Advertisement

Firefighter’s Family Brings Holiday to Him

Share
TIMES STAFF WRITER

In his 23 years as a firefighter, Capt. Jim McBride never missed a Christmas with his family.

But as dusk set Christmas Eve, hot spots were still flaring inside the 3,821-acre perimeter of the Ranch fire that sprang up three days before in the mountains between Ojai and Santa Paula, destroying one home and threatening others.
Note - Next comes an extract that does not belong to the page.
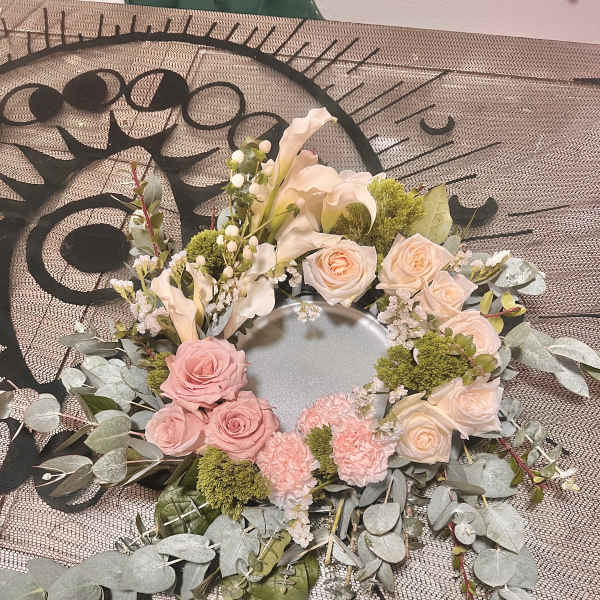 Circular floral wreath with pink and cream roses and calla lilies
At that point McBride, a 39-year-old logistics chief for the California Department of Forestry, had no choice but to call home to Riverside and tell his wife, Imy, and six children that he wasn’t going to make it home for the holiday.

Advertisement

As Southern California residents tore open packages under trees, ate roasts and headed to the beach Saturday, about 1,000 firefighters from across the state were spending Christmas 1999 apart from their families, trying to get the Ventura County fire fully contained.

While McBride was among them, so was his family.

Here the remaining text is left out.